One of the most talked-about movies at Sundance this year, Teeth plays like a strange hybrid of Evil Dead II, Saved!, and Carrie. The film opens with a sweeping pan of a small town with a nuclear power plant looming in the background. The music accompanying this scene calls to mind Bernard Hermann’s scores for Alfred Hitchcock, but lest this sound overly ominous, writer-director Mitchell Lichtenstein employs bright, cheerful hues to capture the leaves on trees and the blue of a wading pool in which two young children sit nearby. This juxtaposition is a fitting one, for the director expertly merges sunny, campy humor with a darker, more graphic story about sexual power.

After a title sequence recalling that of Fight Club (a fitting homage, as both movies share a preoccupation with gender roles), the audience is introduced to Dawn, a pretty blonde teenager who delivers upbeat lectures to Christian youth groups about the importance of abstaining from premarital sex.
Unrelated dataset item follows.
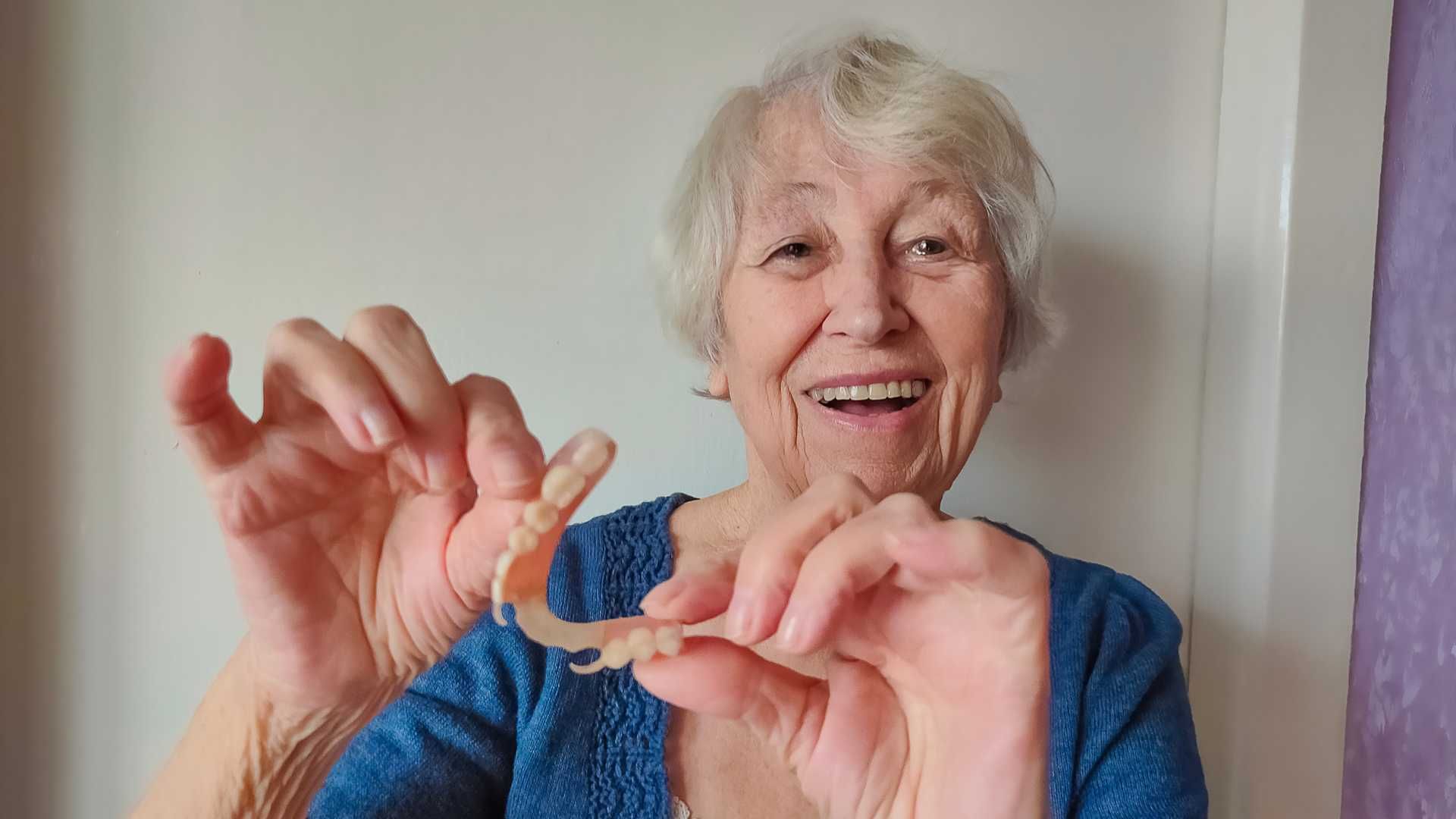 پروتز کامل دندان متحرک (دندان مصنوعی)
Her vow of chastity, however, is put to the test when she meets Tobey, an earnest, handsome young man who instantly sweeps her off her feet. Despite her strong feelings, Dawn treads cautiously into the relationship, for she senses there’s something unique about her body, and is unsure of the consequences of consummating their relationship. When the two go to a local cave to make out (let’s just say Lichenstein isn’t one for understatement; he also prominently features primitive worldbeat music in the film’s score), Tobey’s behavior takes an aggressive turn, leading Dawn to discover – quite accidentally – that she is in possession of what is known in mythology as vagina dentata.

While she initially horrified by this discovery, it doesn’t take long for her to realize that her body can be used as a weapon. As the horror genre is littered with images of nubile young women being raped, tortured, and mutilated, Dawn’s empowerment proves a refreshing change of pace. In Lichtenstein’s world, almost all the men are predators, but here the woman refuses to accept her status as prey. That said, Teeth is often played for laughs, and in the role of Dawn, actress Jess Weixler proves a formidable comic talent, flawlessly channeling the ups and downs of the sunny teenager’s awakening. Still, beneath the movie’s bright-surface lurks a dark feminist fable about the consequences of objectifying women.